No pictures, please. Copy exactly the lines from the one with "Bench Coastal Cluster" through the final line below.

Given material:
▼▼▼
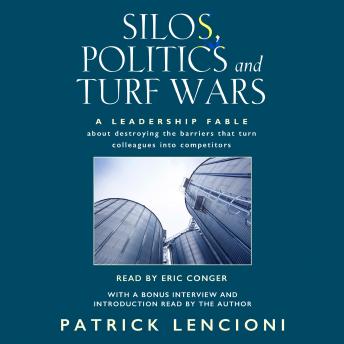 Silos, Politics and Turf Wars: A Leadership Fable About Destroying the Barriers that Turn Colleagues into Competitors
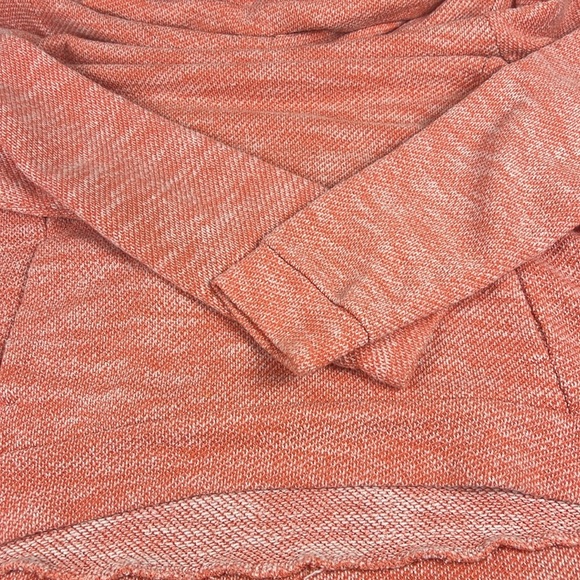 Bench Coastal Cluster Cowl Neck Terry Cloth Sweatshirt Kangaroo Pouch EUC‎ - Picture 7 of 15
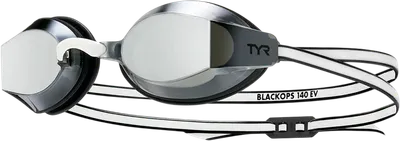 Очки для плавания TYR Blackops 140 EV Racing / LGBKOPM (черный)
▲▲▲
Output below:
 Bench Coastal Cluster Cowl Neck Terry Cloth Sweatshirt Kangaroo Pouch EUC‎ - Picture 7 of 15
 Очки для плавания TYR Blackops 140 EV Racing / LGBKOPM (черный)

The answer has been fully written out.